Tamils say they would still pay people smugglers to journey to Australia

Saturday, 5 October 2013 00:00 -     - {{hitsCtrl.values.hits}}

ABC: Tamils in northern Sri Lanka say they are still prepared to pay people smugglers to get them to Australia, despite the new Government’s crackdown. Thousands of Tamils have left the region in the aftermath of the country’s civil war, and many say they would do anything to travel to a safe country like Australia. Murali, a Tamil, works as a goat herder in a small village not far from Jaffna, the main city in Sri Lanka’s north. He got in touch with people smugglers late last year, handing over $3,000 to join more than 80 people crammed inside the hull of a small fishing boat. “The Government doesn’t like me because I am Tamil and they just assume I am a Tamil Tiger supporter,” he said. After three weeks at sea, Murali’s journey ended at Christmas Island, where he was processed and sent back to Sri Lanka. “We were on Christmas Island for about 20 days,” he said. “After that, the officials told us we were being transferred to another place. They didn’t tell us it was going to be Sri Lanka.” Tough new laws not working as a deterrent Nine months later, Murali says the Government’s tough new laws have not deterred him from trying to make the journey again. “We heard about the people being transferred to Papua New Guinea on the television and the radio,” he said. “I would still rather still rather live there than in Sri Lanka.” Krishnan, another Tamil who was sent back to Sri Lanka after travelling to Australia by boat, says he too would be prepared to make the journey again. “I pawned my shop for 10 lakhs or over $8,000 to pay for my voyage and I am still working to get it back now,” he said. “I didn’t know about the tough laws Australia has before I left Sri Lanka.

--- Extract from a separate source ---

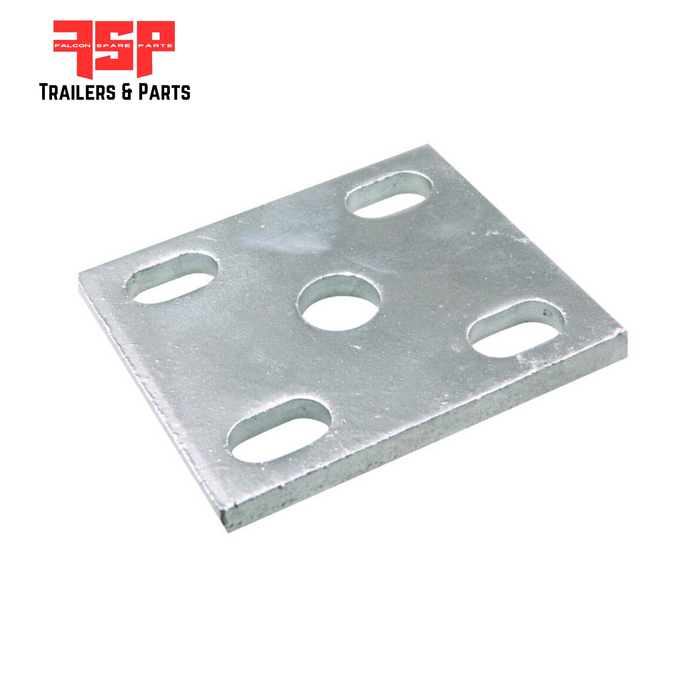 Fish Plate to suit 45mm Spring 39/40mm Axle Galvanised Fish Plate to suit 45mm Spring 39/40mm Axle Galvanised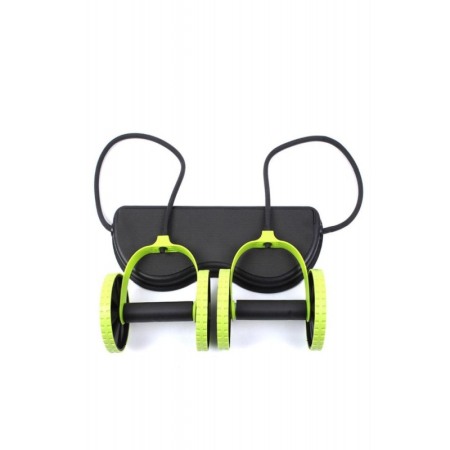 Aparat pentru fitness ElasticRopes, cu corzi si suport,modelarea corpului si intarirea muschilor,negru/verde [6]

But I am very scared living here in Sri Lanka and I would pay again to go to Australia.” Tamils looking for ‘security and dignity’, human rights activist says Ruki Fernando, a human rights activist based in Colombo, says there are a number of reasons why Australia is attractive destination for Tamil refugees. “Whether it’s economic factors or whether it’s political persecution, it’s because they are unable to live with dignity and in a secure way,” he said. But Foreign Minister Professor G.L. Peiris says the Government’s message has made an impact. “This heavenly life which they have been led to expect is not going to materialise,” he said. “They will not be allowed to work there or, indeed, land there. They will be sent to Manus Island.”